I'm also sad because she's almost ten months. And that 'baby' stage is almost over. I never thought I'd miss this, the teething, the breastfeeding, and I'm starting to miss it even as it slips away.

Then it hit me. I am never going to experience this again.

"Oh, you'll have another baby," you may say. But I'm not going to have another Zelda. If I had another one, I'd want it to go as well as this one, and it wouldn't be the same. I don't want another baby, I'd want Z again.

Sean tried to teach her to say "button" last night. She almost had it. Every time she does something new, I lose a little piece of my baby as she becomes more and more her own person. Eventually she'll hate me, and we'll scream and fight, and hopefully when she goes off to college she'll love me again.

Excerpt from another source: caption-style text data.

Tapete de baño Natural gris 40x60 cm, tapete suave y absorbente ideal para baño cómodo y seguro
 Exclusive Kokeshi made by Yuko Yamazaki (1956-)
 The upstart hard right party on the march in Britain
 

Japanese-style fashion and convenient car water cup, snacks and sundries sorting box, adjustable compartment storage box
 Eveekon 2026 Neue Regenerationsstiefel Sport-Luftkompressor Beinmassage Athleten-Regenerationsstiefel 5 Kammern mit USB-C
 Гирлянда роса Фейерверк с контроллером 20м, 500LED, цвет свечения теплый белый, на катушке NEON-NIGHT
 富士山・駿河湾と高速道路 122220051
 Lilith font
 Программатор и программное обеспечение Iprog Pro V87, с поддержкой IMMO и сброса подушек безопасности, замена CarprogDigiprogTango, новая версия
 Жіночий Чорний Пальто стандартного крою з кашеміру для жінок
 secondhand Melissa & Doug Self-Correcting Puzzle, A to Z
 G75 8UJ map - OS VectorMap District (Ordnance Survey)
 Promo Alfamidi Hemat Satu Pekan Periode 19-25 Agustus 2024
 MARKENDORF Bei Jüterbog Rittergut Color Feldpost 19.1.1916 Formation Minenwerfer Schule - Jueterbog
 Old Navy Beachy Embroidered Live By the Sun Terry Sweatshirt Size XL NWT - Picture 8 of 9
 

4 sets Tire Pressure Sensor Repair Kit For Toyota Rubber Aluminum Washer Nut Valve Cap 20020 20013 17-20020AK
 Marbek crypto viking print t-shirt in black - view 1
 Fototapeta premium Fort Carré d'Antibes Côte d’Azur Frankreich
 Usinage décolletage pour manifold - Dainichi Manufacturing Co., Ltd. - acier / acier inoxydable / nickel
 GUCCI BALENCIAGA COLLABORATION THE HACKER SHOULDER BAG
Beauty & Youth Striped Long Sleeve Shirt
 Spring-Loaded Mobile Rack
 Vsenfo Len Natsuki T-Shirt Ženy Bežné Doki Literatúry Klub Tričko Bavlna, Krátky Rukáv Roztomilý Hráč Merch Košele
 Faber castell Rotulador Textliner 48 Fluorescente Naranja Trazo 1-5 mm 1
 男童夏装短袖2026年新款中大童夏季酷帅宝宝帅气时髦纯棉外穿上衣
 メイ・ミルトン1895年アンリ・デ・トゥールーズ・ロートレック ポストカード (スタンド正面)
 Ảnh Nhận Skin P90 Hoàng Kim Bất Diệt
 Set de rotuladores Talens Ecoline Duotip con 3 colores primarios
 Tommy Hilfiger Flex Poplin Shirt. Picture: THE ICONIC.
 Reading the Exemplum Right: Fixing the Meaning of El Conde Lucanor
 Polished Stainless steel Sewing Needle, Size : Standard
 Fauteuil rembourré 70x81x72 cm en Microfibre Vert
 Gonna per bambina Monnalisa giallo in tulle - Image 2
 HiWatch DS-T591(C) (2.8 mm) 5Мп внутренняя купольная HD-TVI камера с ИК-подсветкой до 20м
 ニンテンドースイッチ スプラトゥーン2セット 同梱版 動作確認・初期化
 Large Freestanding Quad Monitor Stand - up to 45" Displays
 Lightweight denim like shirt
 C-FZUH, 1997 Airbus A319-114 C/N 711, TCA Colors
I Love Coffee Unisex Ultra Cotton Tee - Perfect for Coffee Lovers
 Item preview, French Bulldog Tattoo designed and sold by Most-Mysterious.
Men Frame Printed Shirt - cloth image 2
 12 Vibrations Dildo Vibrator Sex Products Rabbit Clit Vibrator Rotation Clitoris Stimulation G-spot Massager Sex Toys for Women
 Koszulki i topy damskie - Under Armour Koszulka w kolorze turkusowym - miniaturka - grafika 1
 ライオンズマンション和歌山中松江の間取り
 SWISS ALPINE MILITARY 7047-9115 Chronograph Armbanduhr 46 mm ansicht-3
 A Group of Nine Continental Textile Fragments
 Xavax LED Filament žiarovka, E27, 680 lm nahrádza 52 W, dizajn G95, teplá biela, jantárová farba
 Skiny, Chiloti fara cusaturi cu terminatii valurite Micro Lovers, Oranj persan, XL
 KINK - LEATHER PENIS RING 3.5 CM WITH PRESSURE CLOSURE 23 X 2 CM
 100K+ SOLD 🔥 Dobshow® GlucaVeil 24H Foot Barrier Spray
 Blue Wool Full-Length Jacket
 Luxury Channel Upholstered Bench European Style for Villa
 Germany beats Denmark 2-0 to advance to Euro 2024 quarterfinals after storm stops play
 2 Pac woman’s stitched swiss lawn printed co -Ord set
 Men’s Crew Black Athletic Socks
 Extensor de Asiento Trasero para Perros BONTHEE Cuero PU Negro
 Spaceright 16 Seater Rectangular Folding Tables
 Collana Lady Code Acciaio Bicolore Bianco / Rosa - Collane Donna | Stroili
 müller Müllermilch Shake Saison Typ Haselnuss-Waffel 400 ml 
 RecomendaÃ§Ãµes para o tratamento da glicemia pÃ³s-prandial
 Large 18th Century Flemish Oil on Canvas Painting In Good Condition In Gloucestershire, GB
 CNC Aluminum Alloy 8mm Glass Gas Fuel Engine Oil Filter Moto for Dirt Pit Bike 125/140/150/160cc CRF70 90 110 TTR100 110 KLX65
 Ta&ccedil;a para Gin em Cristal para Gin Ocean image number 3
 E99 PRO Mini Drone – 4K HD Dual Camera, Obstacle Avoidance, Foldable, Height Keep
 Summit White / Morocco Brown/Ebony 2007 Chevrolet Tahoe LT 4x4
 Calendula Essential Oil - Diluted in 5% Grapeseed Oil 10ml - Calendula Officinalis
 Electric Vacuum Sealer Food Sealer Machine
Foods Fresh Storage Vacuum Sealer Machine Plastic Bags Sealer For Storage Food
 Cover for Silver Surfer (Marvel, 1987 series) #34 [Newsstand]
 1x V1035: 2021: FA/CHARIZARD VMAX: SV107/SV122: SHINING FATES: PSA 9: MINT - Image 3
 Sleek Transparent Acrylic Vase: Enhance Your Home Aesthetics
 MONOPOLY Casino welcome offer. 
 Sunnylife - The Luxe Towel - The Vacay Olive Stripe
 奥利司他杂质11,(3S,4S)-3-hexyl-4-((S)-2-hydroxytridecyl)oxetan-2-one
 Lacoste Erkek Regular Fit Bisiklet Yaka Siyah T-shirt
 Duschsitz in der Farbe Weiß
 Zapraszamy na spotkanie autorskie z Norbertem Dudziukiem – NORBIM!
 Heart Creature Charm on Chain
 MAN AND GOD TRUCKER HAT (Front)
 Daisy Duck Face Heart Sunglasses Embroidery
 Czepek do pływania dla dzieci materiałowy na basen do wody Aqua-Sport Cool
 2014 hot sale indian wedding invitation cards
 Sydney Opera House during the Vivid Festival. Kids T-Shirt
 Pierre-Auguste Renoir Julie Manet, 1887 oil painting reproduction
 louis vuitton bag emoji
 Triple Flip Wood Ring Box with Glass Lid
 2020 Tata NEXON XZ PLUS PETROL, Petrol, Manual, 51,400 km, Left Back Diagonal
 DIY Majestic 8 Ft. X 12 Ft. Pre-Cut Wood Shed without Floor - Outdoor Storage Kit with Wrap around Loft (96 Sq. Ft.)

I bought her birthday presents today. Books, and I know she can't read, but there are some essential lessons in them to teach critical thinking. I got her Older than the Stars and The Magic of Reality. I'm thinking when she's eighteen I'll get her something heavier for reading, but I think I need to read them first.

Now I just need to find some schools in Grand Rapids that don't have creationalism as a rational explanation for the universe. Which will be a challenge in west Michigan.

Saturday, September 8, 2012

Last Free Weekend

This is hopefully my last weekend being unemployed. It has been a hard month, and I am not exactly excited for the next job, but at least it is something. I have another interview on Monday, which again, isn't exactly the direction I want to go with my life. It's back to serving consumers, but it's a retirement home rather than behavioral health.

Which is where I get stuck again, what do I want to do with my life? What are my goals?

The worst part is, I have none. I have things I'd like to do (hence why I applied for a job that was all German speaking, and for a manager position with a non-profit), but nothing really sparks my interest. I'd like a 9-5 job, that doesn't tax my brain, but is that where I need to be? It feels like my job experience at this point has limited me in what I want to do.

Should I go back to school? If so, what should I study? I'm trying to break into working in a bank, and maybe I should just drop my need to help people and go find something with business administration.

Meh, it's just not me. And my life is so mundane. I sit at home with the baby, we play, we sing, we go to the store, we dance, we listen to music, we nap, and on occasion I get to hang out with her dad. Which has been super weird too. We're in a funk. That's why I need a job - even if it's making sandwiches.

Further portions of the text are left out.